Luc Besson injected new life into European action cinema with his films La Femme Nikita, Leon: The Professional and The Fifth Element, but over the last decade he's spent more time writing and producing action standouts like District B13, Taken and the Transporter movies than he has directing. Luc Besson first film to get a wide American theatrical release in years is this weekend's 'sThe Family, an action comedy about a mafioso (Robert De Niro) and his family (Michelle Pfeiffer, Dianna Agron, John D'Leo) trying to fit in, and stay alive, after going into witness protection under the supervision of an American agent (Tommy Lee Jones).

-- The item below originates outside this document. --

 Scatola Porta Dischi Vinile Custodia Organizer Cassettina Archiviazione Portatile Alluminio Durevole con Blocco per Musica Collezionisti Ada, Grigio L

I spoke to Luc Besson about why he felt the need to step behind the camera for The Family, the film's adorable Goodfellas homage, getting approval from Martin Scorsese and the surprise cameo from a Luc Besson regular at the end of the film. (So let's just say there are MINOR SPOILERS.) Plus, updates about which of his upcoming films are just internet speculation, and why he finds the American TV series "Nikita" and "La Femme Nikita" so abusing. They didn't even send him flowers!
CraveOnline: You seem to write and produce more movies than you direct, nowadays. I'm wondering why The Family was a film that you wanted to direct yourself?
Luc Besson: This one, I was not supposed to direct at the beginning, but to be honest, we did a reading with Robert [De Niro] and the reading went extremely well. It was so funny. And then, Michelle Pfeiffer got involved and Tommy Lee Jones, and then I feel like a bee, falling in a pot of honey. I have to eat it all. [Laughs] Then you say to yourself, "Okay, there's no way somebody else is gonna do it." Plus, I spend a lot of time in the U.S. Half of my family is from Normandy. I have a house there, so I really know the two worlds. So, I feel that I was probably a good guy to do it.
The scene I love the most, and I can't imagine I'm alone on this, is where Robert De Niro watches Goodfellas.
Yeah, I agree. [Laughs]
I'm wondering, if Robert De Niro hadn't been available, do you think you would have changed the film?
Well, it was in the book, that scene. You know, the first thing I did, I was talking with Robert and I sent him the book first, because I think there's no point to write the script if Robert doesn't like it. So I sent the book and Robert loved it, so then I wrote the script and he loved the script, too.
Was it easy to get the rights to Goodfellas?
We don't show anything from Goodfellas, so...
Well, you have the sound clips.
Yeah, the sound. It's the music and the voice. Yeah, we had to ask the people and they read the scene and everybody laughed [laughs] and they said, "Yes, of course." When we decided with Robert to make the film, one of the first persons we called was Martin Scorsese, because it's basically a love letter to his cinema. So, we just want to have his opinion and we want him to share with us. He reacted very well. He read the script, he laughed a lot and said, "Guys, I'm with you." So it all made sense. I think that if Robert doesn't want to do it or if Scorsese is not feeling good about it, I will put the idea in the garbage.
Did Martin Scorsese have any notes on the script about realism or his own films or anything like that?
If he had them, he never told me because he's a sweetheart [laughs] and he's very polite. Okay, let's be humble. I think he probably had some but he never told me. [Laughs] And I will understand. I mean, he's from Brooklyn. He spent all his life there. I would feel totally fine if there are a couple of things that did go a little bit wrong but he didn't say anything. The good thing is, on the set, Robert corrected me often on little details, you know. For example, when we had extras and he'd say, "Oh, you know, in the Seventies, the color of the shirt was not this way, but this way, and this guy with the hat doesn't look good." So, he helped me on the realism and the background and the story of the Mafia and all this. He was my guide and my specialist on the set.